I just want to say Happy Father’s Day to all the amazing dads out there who are doing an amazing job at trying to be in their children’s lives and handle their responsibility. And even to the dad’s that are expecting but still being supportive on their wives or significant other, Happy Father’s Day to you too! I have to admit that for me and my siblings, Father’s Day is always a bit bittersweet. While others are out celebrating with their dads, we are left with a void and broken hearts over the distance and lack of involvement our father has with us.
And trust me, it’s not because we haven’t tried to reach out to him because we have. It’s just that somewhere over the expansive length of my parent’s marriage my father fell out of love with the Family Life. Having been a teenage parent, I guess he always felt the yearning to reclaim his youth. And I’m sure the fact that his mother died when he was 12 and leaving them with an abusive father didn’t help matters either. In fact, I’m pretty sure the latter had a lot to do with it. I was always led to believe that all my grandparents were deceased as a child.

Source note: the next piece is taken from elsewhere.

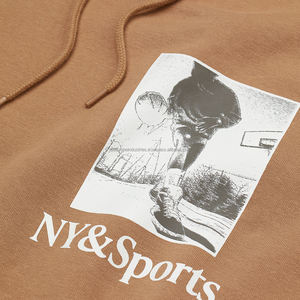 Sudadera con capucha de algodón para hombre, ropa de marca con logotipo personalizado de 500GSM y 600GSM - Product Image 2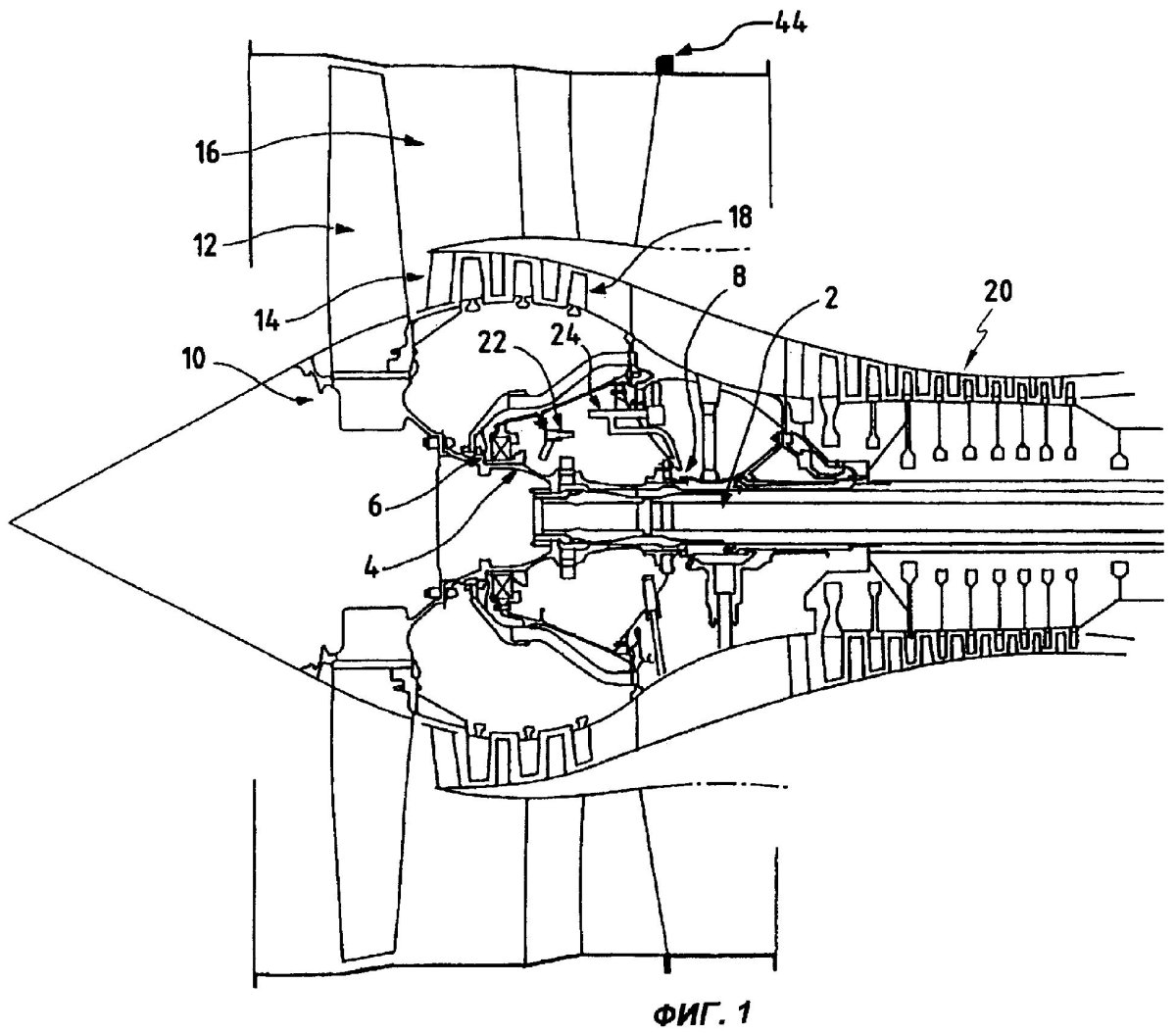Вентилятор турбовентиляторного двигателя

It wasn’t until I came home after a breakup with the love of my life that I found out my father’s father died when I was four. And all those years, I walked around not knowing. I was helping my mom clean out some old papers and stumbled across the his obituary. At first, I didn’t know it was him. I saw the same last night and thought it was one of my great uncles, but when I opened and started reading “He leaves behind to mourn his death…” and saw my father’s name, I felt a rush of emotion. I felt hurt, sad, betrayed and angry. Then remembering how my father told me of some the horrors they lived with their father, understanding sunk in.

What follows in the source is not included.